Exercise details:
Exactly as it appears, restate the whole listing.

Recorded information:

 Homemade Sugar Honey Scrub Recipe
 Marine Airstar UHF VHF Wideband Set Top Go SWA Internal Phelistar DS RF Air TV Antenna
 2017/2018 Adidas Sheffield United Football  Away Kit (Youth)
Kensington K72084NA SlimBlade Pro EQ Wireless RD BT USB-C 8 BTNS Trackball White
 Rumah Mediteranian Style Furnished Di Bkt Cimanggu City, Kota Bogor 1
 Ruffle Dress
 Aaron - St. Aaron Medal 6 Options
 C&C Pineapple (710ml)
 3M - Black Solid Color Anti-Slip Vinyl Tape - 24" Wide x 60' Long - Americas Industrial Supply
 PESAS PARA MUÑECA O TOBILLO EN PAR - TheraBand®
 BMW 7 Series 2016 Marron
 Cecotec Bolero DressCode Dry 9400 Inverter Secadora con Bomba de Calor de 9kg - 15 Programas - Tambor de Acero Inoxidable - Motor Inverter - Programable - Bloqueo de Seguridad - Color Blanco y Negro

Answer space:
 Homemade Sugar Honey Scrub Recipe
 Marine Airstar UHF VHF Wideband Set Top Go SWA Internal Phelistar DS RF Air TV Antenna
 2017/2018 Adidas Sheffield United Football  Away Kit (Youth)
Kensington K72084NA SlimBlade Pro EQ Wireless RD BT USB-C 8 BTNS Trackball White
 Rumah Mediteranian Style Furnished Di Bkt Cimanggu City, Kota Bogor 1
 Ruffle Dress
 Aaron - St. Aaron Medal 6 Options
 C&C Pineapple (710ml)
 3M - Black Solid Color Anti-Slip Vinyl Tape - 24" Wide x 60' Long - Americas Industrial Supply
 PESAS PARA MUÑECA O TOBILLO EN PAR - TheraBand®
 BMW 7 Series 2016 Marron
 Cecotec Bolero DressCode Dry 9400 Inverter Secadora con Bomba de Calor de 9kg - 15 Programas - Tambor de Acero Inoxidable - Motor Inverter - Programable - Bloqueo de Seguridad - Color Blanco y Negro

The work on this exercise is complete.